A 2021 paper refined the time of arrival of the Colorado River to the area just north of Needles about 5.2 Ma and to the Gulf of California between 4.8 and 4.63 Ma.

Western GC is one of my favorite sections as I did many Lower Gorge fieldcamp trips in the 1980s when I was teaching at NAU. The connections to the Hualapais are becoming increasingly important to highlight these days. I like to highlight the Hurricane and Grand wash fault systems as delineating the westernmost section and the end of GC and providing the main explanation for the lower elevation Hualpai plateau. (end of email)
                                  
My own long-running discussion (and promotion) of the Western Grand Canyon has concentrated on that area north of the Colorado from the distinctive dragon-head of the Westernmost High Point west to the northside butte near River Mile 277 (unnamed; I think of it as the Paiute Farewell Gatepost). On the map below (the Colorado shown as a red line), that area is bounded on the north by the light-green line. It is all within Grand Canyon National Park, and reachable through BLM lands and the Grand Canyon Parashant National Monument.

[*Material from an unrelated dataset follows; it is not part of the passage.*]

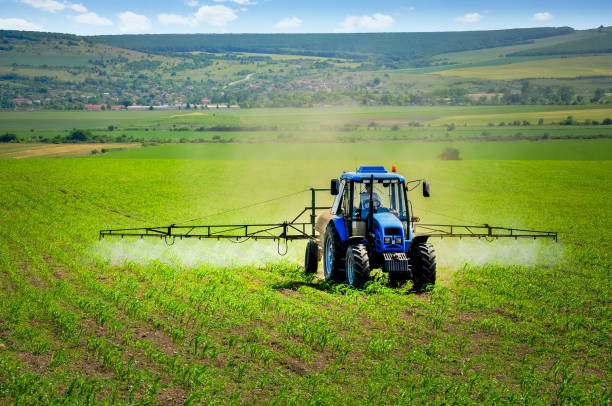 Farming tractor plowing and spraying on field stock photo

However, Dr. Karlstrom ends by mentioning the importance of the Hualapai lands and Plateau, south of the Colorado. I have, perhaps arbitrarily, marked off that southwest piece of the Canyon with the blue line. 

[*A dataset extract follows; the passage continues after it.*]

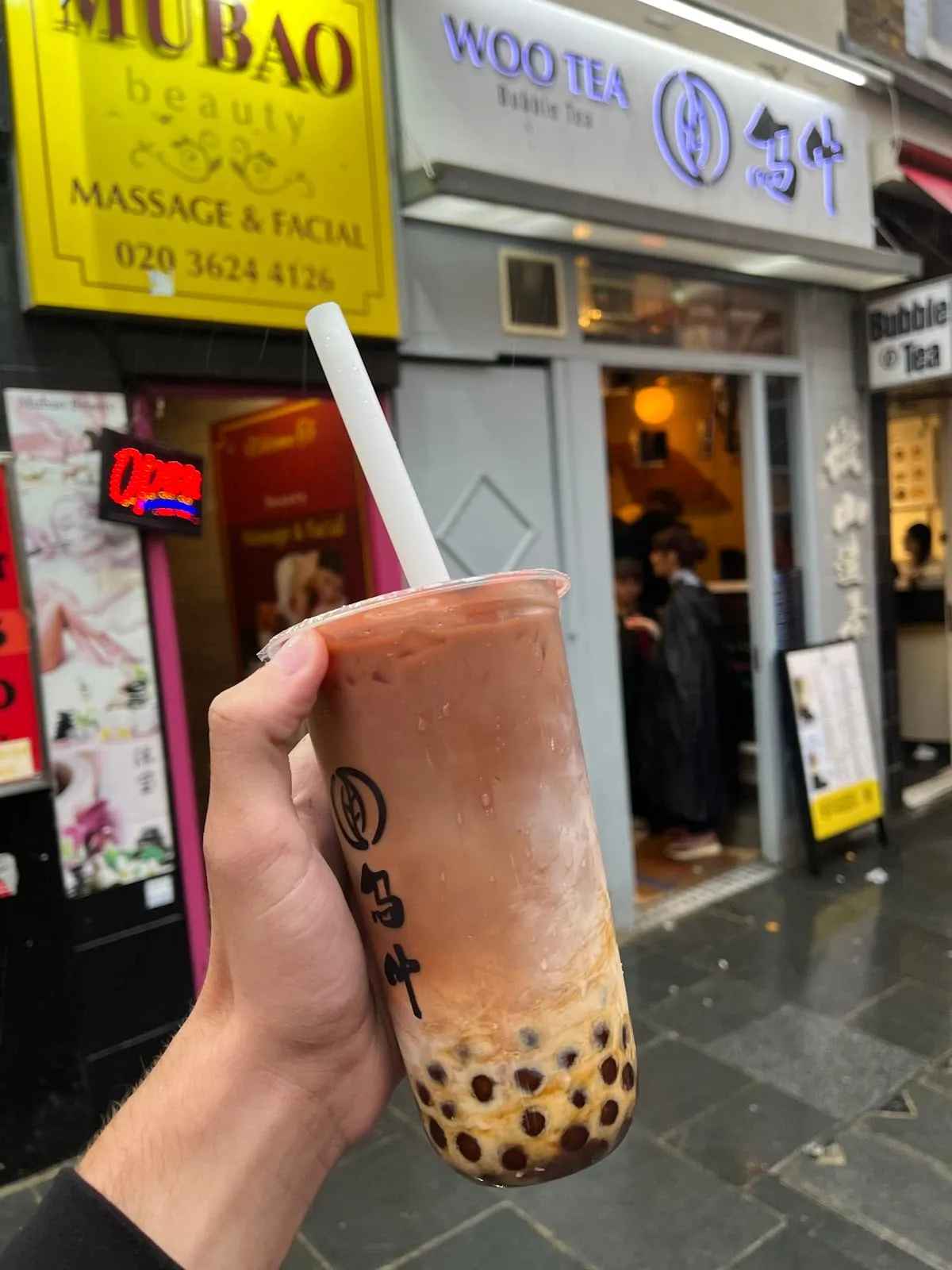 A Woo Tea milk tea with brown sugar pearls held up on the pavement outside the shop's sign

Arbitrarily only because unlike the federal lands north of the river, I have not, due to Hualapai Tribe rules, been able to visit south of the river except along the river's  shores. While names of plateaus like Kaibab, Shivwits, Coconino label well-known lands into which the Canyon is entrenched, that seems not true for the Hualapai Plateau. Indeed, as Dr. Karlstrom and the geology map down below indicate, south of the river, the geology does a different thing, not rising up to the heights of the Shivwits, but being of lower elevation with a broad exposure of Redwall limestone  (in purple): 
Even more obvious is how the classic stepped layers on the north contrast with Hualapai plateau's geological mixture. (Map, again, courtesy of https://rclark.github.io/grand-canyon-geology/.)  The map certainly does, as Dr. Karlstrom writes, highlight the Hurricane and Grand wash fault systems as delineating the westernmost section and the end of GC. The map below next shows how this section fits in with four other sections of Grand Canyon's "young (5-6 million years)" development hypothesis. To give flavor to the ongoing (150 years) discussion,  I have extracted a few quotes from two papers cited by Dr. Karlstrom: 
 "6 Ma age of carving Westernmost Grand Canyon,"  Earth and Planetary Science Letters  Volume 474, 15 September 2017, Pages 257-271

 The Age of Grand Canyon: Applying New Tests to Resolve the 150-year-old Debate                       URL: https://app.dimensions.ai/details/grant/grant.3582458    2014-05-01 to 2017-04-30   Grant 1348007Directorate for Geosciences (Alexandria, US). 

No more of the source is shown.